Top of WORKING DATA

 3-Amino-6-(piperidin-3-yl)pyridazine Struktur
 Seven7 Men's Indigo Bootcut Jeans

Bottom of WORKING DATA
Top of WORKING DATA

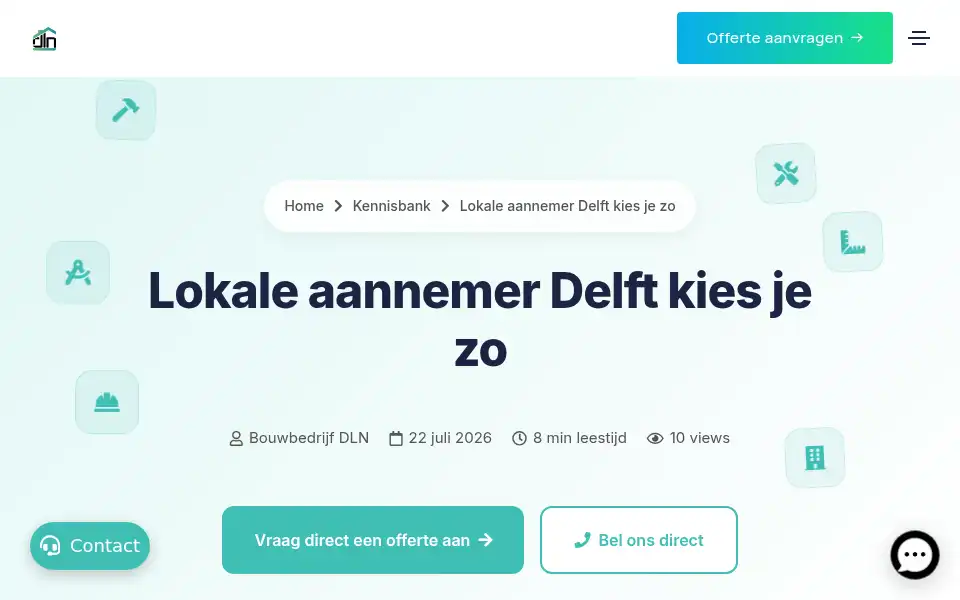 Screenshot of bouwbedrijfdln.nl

Bottom of WORKING DATA

WHAT THE TASK REQUIRES —
Above are the lines; repeat exactly the ones from the line containing "3-Amino-6-(piperidin-3-yl)pyridazine Struktur" down to the line containing "Seven7 Men's Indigo Bootcut Jeans", both inclusive.

RESULT OF THIS EXERCISE —
 3-Amino-6-(piperidin-3-yl)pyridazine Struktur
 Seven7 Men's Indigo Bootcut Jeans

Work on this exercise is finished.